As much as I would love to see a 300WHP GA16DE-T, I just don't see it happening anytime soon.

Set your goals a bit lower. That way they can be obtained without spending $15,000.00


----------



## Astor (Apr 23, 2004)

1CLNB14 said:


> As much as I would love to see a 300WHP GA16DE-T, I just don't see it happening anytime soon.
> 
> Set your goals a bit lower. That way they can be obtained without spending $15,000.00


I agree. A 300whp GA16DE will cost a LOT of money.

If you think you need 300whp, get an Se-R. It's still gonna cost you no less than $6,000 to get it up to 300whp, though.


----------



## bickmade (Aug 16, 2002)

Astor said:


> I agree. A 300whp GA16DE will cost a LOT of money.
> 
> If you think you need 300whp, get an Se-R. It's still gonna cost you no less than $6,000 to get it up to 300whp, though.


Can a civic DX/EX put out those kind of numbers? If so how? More aftermarket parts?


----------



## psuLemon (Apr 23, 2003)

the thing is, you can't just look at hp numbers... other factors such as tq and power band curve.... you also have to understand that the ga16 has 90whp stock... getting to 250whp is a huge gain.. probably putting wes and mike in the 12's... if you just want to impress people with numbers, get a gti-r motor.... bickmade, i dont think those two can make those kindas of numbers, but maybe... remember, hondas dont hold boost like nissans do.. and even if they make 300whp.. they will prolly have like 210tq...


----------



## NotAnotherHonda (Aug 7, 2003)

141 said:


> you already have 250whp without the turbo??
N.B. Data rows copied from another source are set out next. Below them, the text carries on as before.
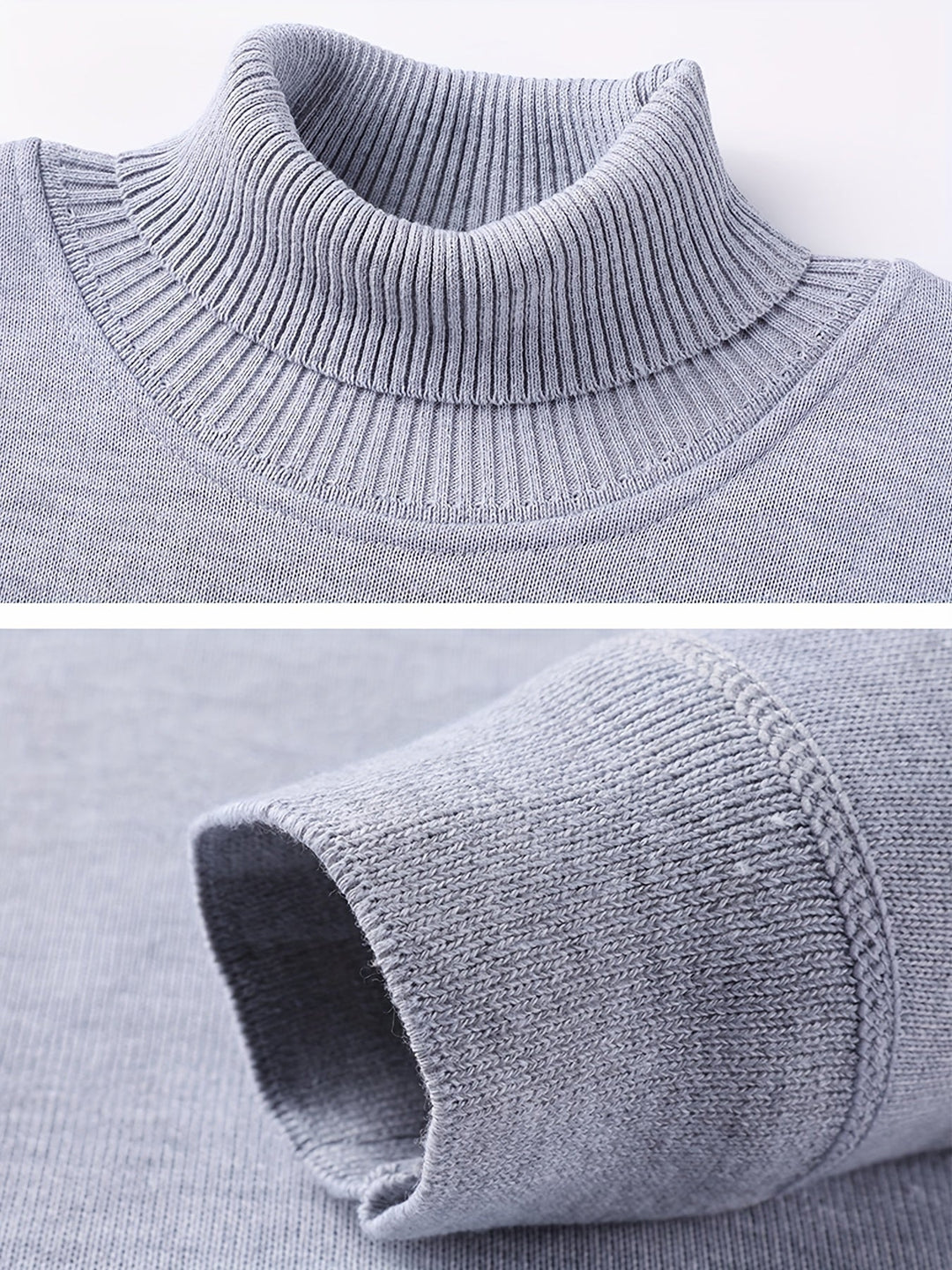 Maxwell | Cozy High-Neck Sweater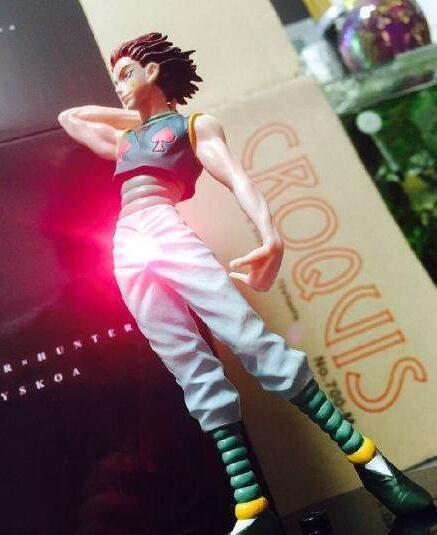 手办也能玩出新花式,小黑与小圆联动,西索手办闪瞎眼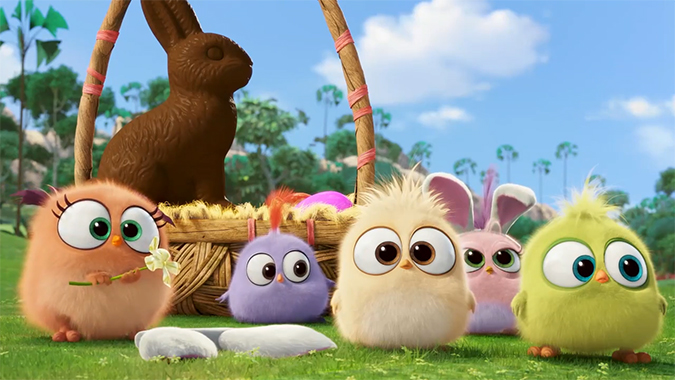 Angry Birds в кино: Цыплята и пасхальный шоколадный кролик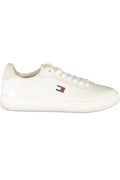 TOMMY HILFIGER WOMEN'S WHITE SPORTS SHOES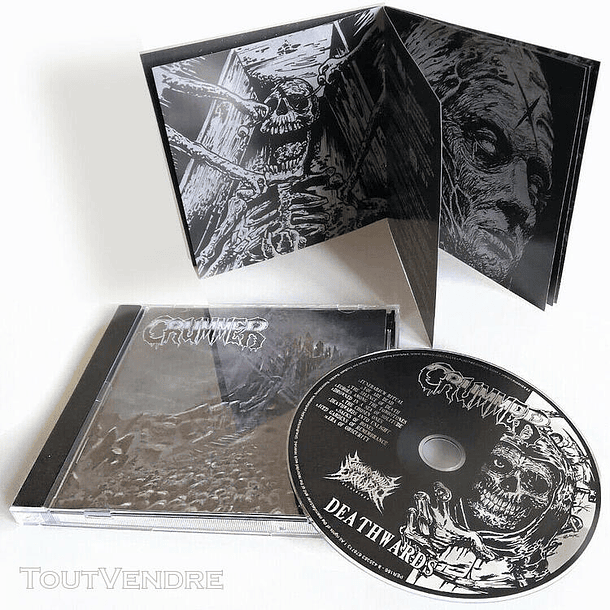 CD - CRUMMER - Deathwards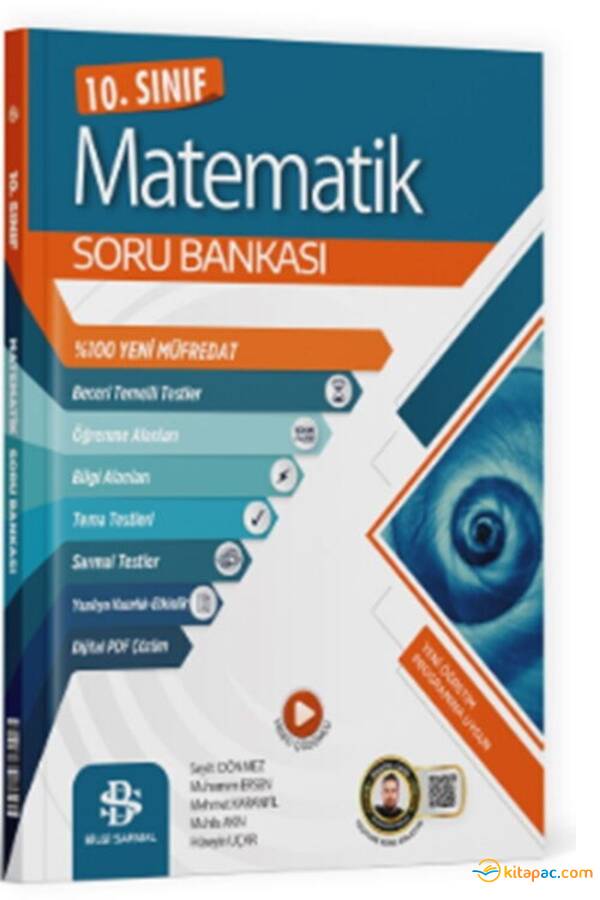 BİLGİ SARMAL 10.Sınıf MATEMATİK SORU BANKASI - 1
no. i didnt say i did. i am saying that a 300whp 1.6 is possible with the hotshot kit, boost controller, and some internals. this has been discussed before by the way


----------



## 141 (Oct 29, 2003)

i insist 300whp in an ga16de would be imposible

the problem with hondas is the lack of torque
go race against an honda uphill you will probably win




thats the same problem of the s2000 it lacks of torque


----------



## 1CLNB14 (Apr 30, 2002)

NotAnotherHonda said:


> i am saying that a 300whp 1.6 is possible with the hotshot kit, boost controller, and some internals. this has been discussed before by the way


Some internals?

I still doubt it would reach those numbers.
Will the GA tranny/axels hold 300WHP?


----------



## NotAnotherHonda (Aug 7, 2003)

1CLNB14 said:


> Some internals?
> 
> I still doubt it would reach those numbers.
> Will the GA tranny/axels hold 300WHP?



the tranny would need to be built up, yes. JGY can do that. the axles i dunno about.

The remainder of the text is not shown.